Many non-tech companies in healthcare, agriculture, and manufacturing know they need to digitize — but they lack the expertise to work with microelectronics, sensors, and smart systems. Finding the right technology partner across borders, prototyping a smart product, and getting it to market is expensive and slow when you are doing it alone. These companies need a structured entry point into the world of advanced microelectronics and smart system integration.

The solution

What was built

DIATOMIC built three sector-specific Digital Innovation Hubs (health, agrifood, manufacturing), a Pan-European One-Stop-Shop online platform, and funded 20+ cross-border application experiments. Concrete prototypes include an eHealth monitoring platform (eVida VFK My Signals), a farm monitoring system tested in multiple farms across two countries, and a Cyber Physical Production System with cloud services. All backed by a network of 75+ Competence Centers.

Audience

Who needs this

AgTech companies wanting to deploy IoT sensors on farms without building infrastructure from scratchHealthcare device SMEs needing a tested platform for remote patient monitoringManufacturing SMEs looking to add smart sensing to production linesTechnology parks and clusters wanting to replicate the Digital Innovation Hub modelRegional development agencies seeking proven digital upskilling programs for local industry
Business applications

Who can put this to work

Healthcare & Assisted Living
SME
Target: eHealth device companies and elderly care providers

If you are a healthcare provider or device company struggling to integrate sensor-based monitoring into your patient care — this project built an extended eHealth platform (eVida VFK My Signals) with prototypes and developer guides that let you experiment with connected health devices without building everything from scratch. The platform was tested as a cross-border application experiment across multiple partners.
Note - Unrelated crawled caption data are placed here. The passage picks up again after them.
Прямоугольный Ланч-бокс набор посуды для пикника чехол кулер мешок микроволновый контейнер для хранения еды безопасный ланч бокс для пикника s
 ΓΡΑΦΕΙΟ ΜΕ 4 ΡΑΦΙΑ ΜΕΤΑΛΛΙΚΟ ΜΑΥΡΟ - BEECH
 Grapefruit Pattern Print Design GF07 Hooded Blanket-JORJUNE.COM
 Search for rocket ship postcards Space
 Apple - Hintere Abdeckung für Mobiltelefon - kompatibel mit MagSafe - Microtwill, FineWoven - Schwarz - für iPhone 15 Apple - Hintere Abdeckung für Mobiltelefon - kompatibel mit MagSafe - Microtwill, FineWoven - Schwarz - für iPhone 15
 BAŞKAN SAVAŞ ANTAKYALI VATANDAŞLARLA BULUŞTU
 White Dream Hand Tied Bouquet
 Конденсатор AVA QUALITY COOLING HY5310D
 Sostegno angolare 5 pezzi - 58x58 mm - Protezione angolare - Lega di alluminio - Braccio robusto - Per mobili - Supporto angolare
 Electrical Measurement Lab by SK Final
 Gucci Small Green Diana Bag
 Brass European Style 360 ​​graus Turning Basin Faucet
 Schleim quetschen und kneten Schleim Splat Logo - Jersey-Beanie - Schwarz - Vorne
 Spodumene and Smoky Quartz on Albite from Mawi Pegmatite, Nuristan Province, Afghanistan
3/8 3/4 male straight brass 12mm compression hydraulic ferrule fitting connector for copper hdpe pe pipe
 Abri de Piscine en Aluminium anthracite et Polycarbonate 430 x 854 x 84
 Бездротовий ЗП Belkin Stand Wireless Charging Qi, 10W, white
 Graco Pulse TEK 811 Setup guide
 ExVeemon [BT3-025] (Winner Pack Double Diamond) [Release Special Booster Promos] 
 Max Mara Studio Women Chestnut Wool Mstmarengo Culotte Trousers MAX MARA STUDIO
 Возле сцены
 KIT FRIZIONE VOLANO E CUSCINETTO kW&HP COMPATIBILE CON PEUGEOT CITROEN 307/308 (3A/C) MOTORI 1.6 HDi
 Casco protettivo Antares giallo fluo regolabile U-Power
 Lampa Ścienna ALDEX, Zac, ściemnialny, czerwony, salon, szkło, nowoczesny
Agriculture & Precision Farming
SME
Target: AgTech startups and farm equipment suppliers

If you are a farming technology company looking to deploy IoT monitoring across multiple farms — this project delivered a farm monitoring and control prototype tested across multiple farms in two countries. The testbed setup comes with documentation for both developers and end users, giving you a validated starting point for smart agriculture products.

Manufacturing & Industrial Automation
mid-size
Target: Smart manufacturing solution providers and system integrators

If you are a manufacturing company wanting to digitize production lines but lacking microelectronics expertise — this project built a Cyber Physical Production System with cloud services that lets you prototype smart factory solutions. The three Digital Innovation Hubs and over 75 Competence Centers created a support network for non-tech companies entering Industry 4.0.

Frequently asked

Quick answers

What would it cost my company to access DIATOMIC's services or platforms?

DIATOMIC operated through two open calls that provided sub-grant funding to selected consortia for running application experiments. The project has ended (2020), but the One-Stop-Shop platform and Competence Center network were designed for sustainability beyond the project. Specific pricing for ongoing services is not available in the project data.

Can these solutions work at industrial scale?

The prototypes were tested in real-world settings — farm monitoring ran across multiple farms in two countries, and the eHealth platform was experimented with actual end users. The Cyber Physical Production System included cloud services designed for scalability. However, these remain at prototype and pilot stage rather than full commercial deployment.

What about intellectual property and licensing?

DIATOMIC was structured around open calls where external teams built their own application experiments using DIATOMIC infrastructure. IP arrangements would have been governed by individual sub-grantee agreements. Based on available project data, the open call documentation kit included templates for sub-grantee agreements that likely addressed IP terms.

How many companies have actually used this?

The project targeted over 20 application experiments through its two open calls, supported by more than 75 Competence Centers. With 10 consortium partners across 8 countries and a 70% industry ratio, the ecosystem was heavily business-oriented rather than purely academic.

Is there still an active support network I can tap into?

DIATOMIC delivered a validated ecosystem sustainability plan and a Pan-European One-Stop-Shop platform. The platform was designed to outlive the project by mapping the full ecosystem and providing documentation, training, and publications. The project website at diatomic.eu may still host resources.

How long would it take to implement one of these solutions?

The application experiments were conducted within the 3-year project window (2017-2020), with two rounds of open calls selecting and funding teams. Based on the project structure, individual experiments likely ran 12-18 months from selection to prototype delivery.

Does this comply with EU regulations and standards?

As an EU-funded Innovation Action under Horizon 2020, DIATOMIC followed EU guidelines for open calls, evaluation processes, and sub-grantee agreements. The DIH Guidelines deliverable established common operational standards across all three sector-specific hubs.

Consortium

Who built it

The DIATOMIC consortium is unusually business-heavy for an EU project: 7 out of 10 partners are from industry (70%), with 5 being SMEs and zero universities. The 3 research centers (IPA, IPN, BIOS) provide the technical backbone, while the rest — innovation consultants (INO), the F6S startup community platform, and investor network (FASTT) — are geared toward market access and commercialization. Spread across 8 countries (Belgium, Germany, Greece, Spain, Luxembourg, Portugal, Serbia, UK), this is a consortium built to move technology into business hands, not to publish papers. The coordinator, Netcompany SA from Belgium, is a private company — another signal that commercial outcomes were the priority.

How to reach the team

Netcompany SA (Belgium) coordinated this project. SciTransfer can help you reach the right person on the team.

Next steps

Talk to the team behind this work.

Want access to DIATOMIC's Competence Center network or sector-specific prototypes? SciTransfer can connect you with the right partners from this consortium — contact us for a tailored introduction.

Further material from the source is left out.